1967 Icelandic Cup

Tournament details
- Country: Iceland

Final positions
- Champions: KR
- Runners-up: Víkingur

= 1967 Icelandic Cup =

The 1967 Icelandic Cup was the eighth edition of the National Football Cup.

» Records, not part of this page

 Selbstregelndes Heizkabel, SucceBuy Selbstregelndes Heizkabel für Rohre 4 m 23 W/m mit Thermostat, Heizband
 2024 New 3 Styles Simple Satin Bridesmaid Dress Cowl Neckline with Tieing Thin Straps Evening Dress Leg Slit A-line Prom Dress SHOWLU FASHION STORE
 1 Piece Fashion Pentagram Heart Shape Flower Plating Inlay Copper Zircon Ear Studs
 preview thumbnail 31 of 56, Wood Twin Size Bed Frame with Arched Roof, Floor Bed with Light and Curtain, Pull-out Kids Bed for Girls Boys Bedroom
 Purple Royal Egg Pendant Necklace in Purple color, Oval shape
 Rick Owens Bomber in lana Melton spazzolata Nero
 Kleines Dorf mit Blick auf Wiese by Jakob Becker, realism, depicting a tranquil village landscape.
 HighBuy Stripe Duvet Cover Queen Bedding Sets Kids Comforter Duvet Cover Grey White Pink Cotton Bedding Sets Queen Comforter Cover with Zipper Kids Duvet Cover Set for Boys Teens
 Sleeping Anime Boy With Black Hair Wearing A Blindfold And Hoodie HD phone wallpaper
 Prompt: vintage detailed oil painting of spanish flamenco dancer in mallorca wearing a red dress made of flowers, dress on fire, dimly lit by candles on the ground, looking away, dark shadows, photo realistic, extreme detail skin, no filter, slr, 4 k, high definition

It took place between 29 July 1967 and 21 October 1967, with the final played at Melavöllur in Reykjavík. The cup was important, as winners qualified for the UEFA Cup Winners' Cup (if a club won both the league and the cup, the defeated finalists would take their place in the Cup Winners' Cup). Teams from the Úrvalsdeild karla (1st division) did not enter until the quarter finals. In prior rounds, teams from the 2. Deild (2nd division), as well as reserve teams, played in one-legged matches. In case of a draw, lots were drawn. From the semi-finals, after a replay, lots were drawn.

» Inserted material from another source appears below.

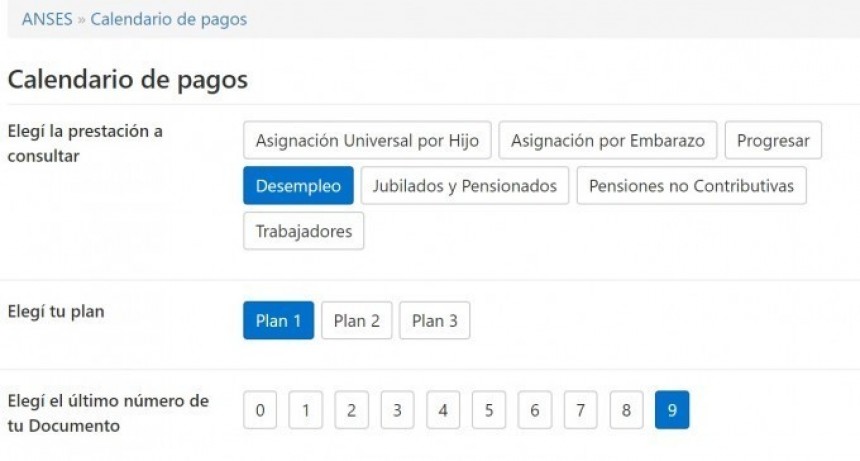 Pago del seguro de desempleo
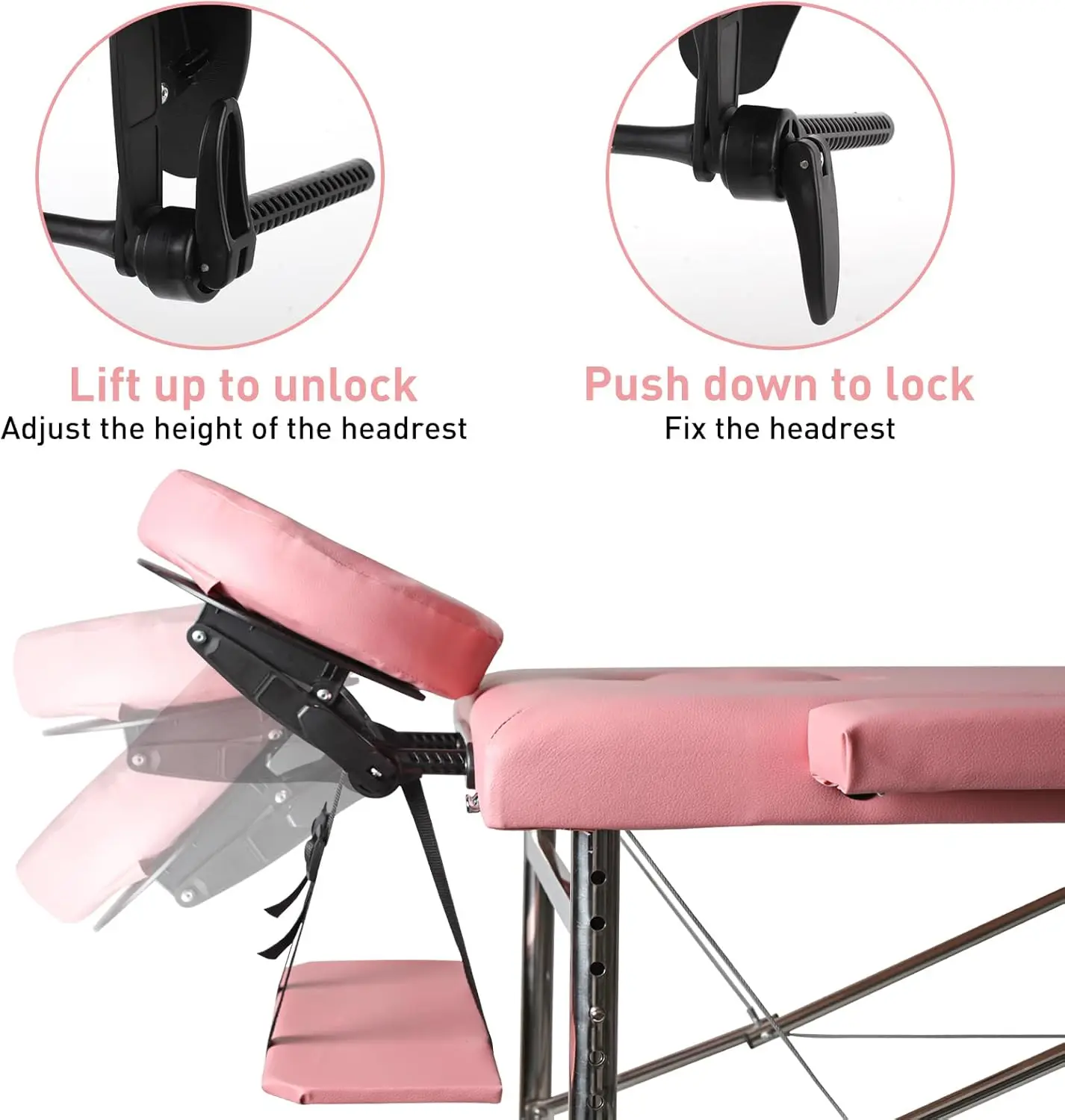 Meja Pijat Portabel 24 "Tempat Tidur Pijat Lipat Lebar Dapat Disesuaikan, Tempat Tidur Ahli Kecantikan Aluminium Ringan untuk Klien, Meja Tato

KR Reykjavík won their 7th Cup in 8 seasons, beating 2. Deild Víkingur Reykjavík, 3 - 0 in the final.

== Preliminary round ==

| Team 1 | Team 2 | Result |
|---|---|---|
| Týr Vestmannaeyjar | þor Vestmannaeyjar | 6 - 1 |

== First round ==

| Team 1 | Team 2 | Result |
|---|---|---|
| ÍA Akranes B | ÍBK Keflavík B | 3 - 2 |
| Víkingur Reykjavík B | UMF Selfoss | 0 - 1 |
| FH Hafnarfjörður | þrottur Reykjavík B | 6 - 1 |
| Víkingur Reykjavík | Breiðablik Kopavogur | 3 - 2 |
| þrottur Reykjavík | Fram Reykjavík B | 3 - 2 |
| Haukar Hafnarfjörður | Valur Reykjavík B | 3 - 2 |
| KR Reykjavík B | ÍBA Akureyri B | 3 - 2 |
| ÍB Isafjörður | Týr Vestmannaeyjar | 5 - 6 |

== Second round ==

| Team 1 | Team 2 | Result |
|---|---|---|
| UMF Selfoss | KR Reykjavík B | 1 - 3 |
| Týr Vestmannaeyjar | FH Hafnarfjörður B | 6 - 6 (Týr Vestmannaeyjar progress after drawing lots) |
| Víkingur Reykjavík | Haukar Hafnarfjörður | 3 - 2 |
| þrottur Reykjavík | IA Akranes B | 2 - 3 |

== Third round ==

| Team 1 | Team 2 | Result |
|---|---|---|
| KR Reykjavík B | Víkingur Reykjavík | 5 - 5 (Víkingur Reykjavík won after drawing lots) |
| IA Akranes B | Týr Vestmannaeyjar | 1 - 0 |

== Quarter finals ==
- Entrance of 6 clubs from 1. Deild

| Team 1 | Team 2 | Result |
|---|---|---|
| IA Akranes B | Víkingur Reykjavík | 2 - 3 |
| ÍBA Akureyri (D1) | Fram Reykjavík (D1) | 6 - 6 (Fram Reykjavík progress after drawing lots) |
| KR Reykjavík (D1) | ÍBK Keflavík (D1) | 2 - 1 |
| Valur Reykjavík (D1) | ÍA Akranes (D1) | 0 - 1 |

== Semi finals ==

| Team 1 | Team 2 | Result |
|---|---|---|
| Víkingur Reykjavík (D2) | IA Akranes | 2 - 1 |
| KR Reykjavík | Fram Reykjavík | 1 - 0 (Replayed after 3–3 draw) |

== Final ==

KR Reykjavík 3-0 Víkingur Reykjavík (D2)
  KR Reykjavík: Schram, Sigmunðsson, Felixson

- KR Reykjavík won their seventh Icelandic Cup and qualified for the 1968–69 European Cup Winners' Cup.